Chris Sander and Reinhard Schneider
Proteins, 1991,9, 56-68
The database of known protein three-dimensional structures can be
significantly increased by the use of sequence homology, based on the
following observations. (1) The database of known sequences, currently
at more than 12000 proteins, is two orders of magnitude larger than the
database of known structures. (2) The currently most powerful method of
predicting protein structures is model building by homology.
(3) Structural homology can be inferred from the level of sequence
similarity. (4) The threshold of sequence similarity sufficient for
structural homology depends strongly on the length of the alignment.
Here, we first quantify the relation between sequence similarity,
structure similarity and alignment length by an exhaustive survey of
alignments between proteins of known structure and report a homology
threshold curve as a function of alignment length.
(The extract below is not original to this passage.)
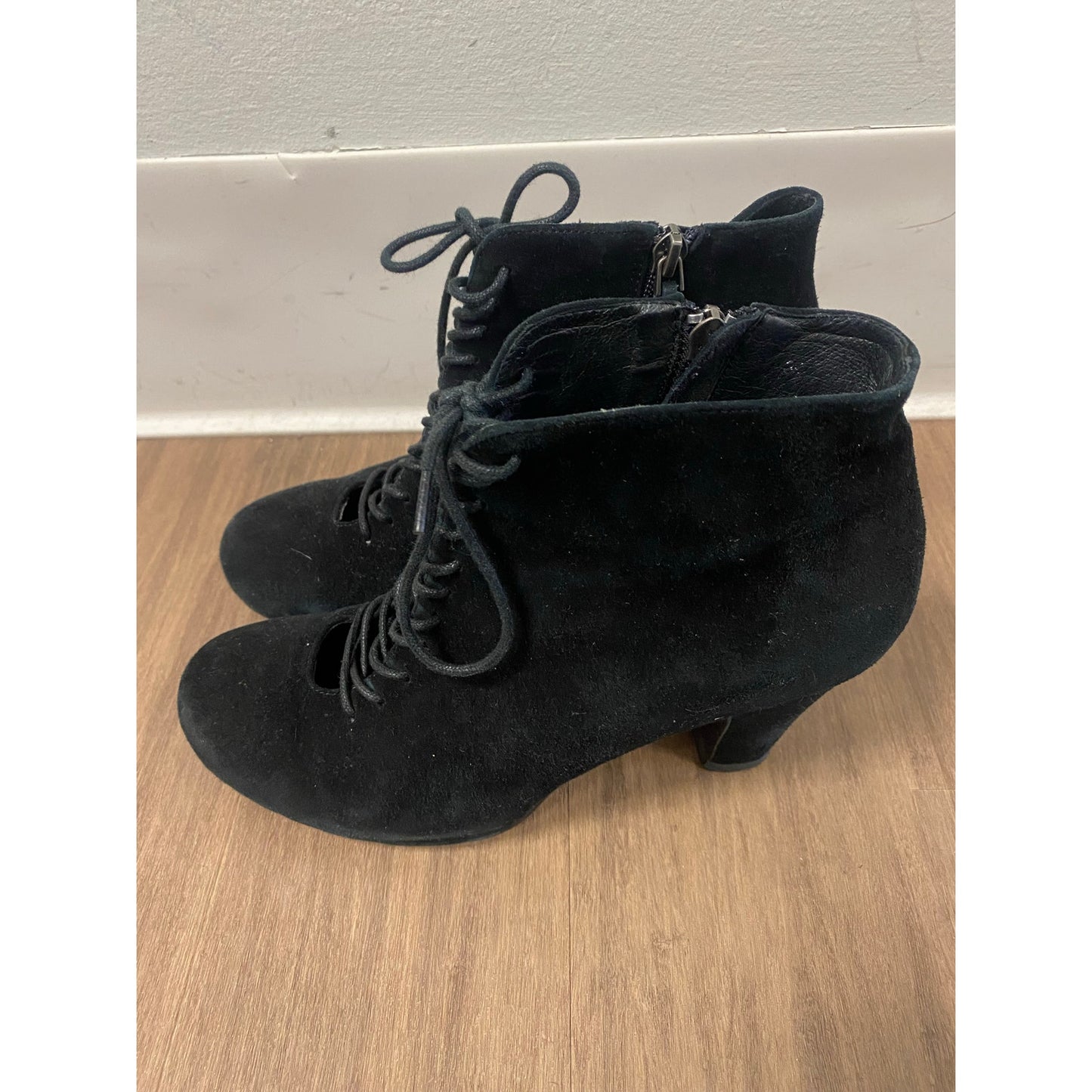 Cleere Closet | New & Used Designer Clothing, Shoes, Bags & Jewelry for All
We then produce a
database of homology-derived secondary structure of proteins (HSSP) by
aligning to each protein of known structure all sequences deemed
homologous on the basis of the threshold curve. For each known protein
structure, the derived database contains the aligned sequences,
secondary structure, sequence variability and sequence profile. Tertiary
structures of the aligned sequences are implied, but not modelled
explicitly. The database effectively increases the number of known
protein structures by a factor of five to more than 1800.
The results may be useful in assessing the structural significance of
matches in sequence database searches, in deriving preferences and
patterns for structure prediction, in elucidating the structural role of
conserved residues and in modelling three-dimensional detail by homology.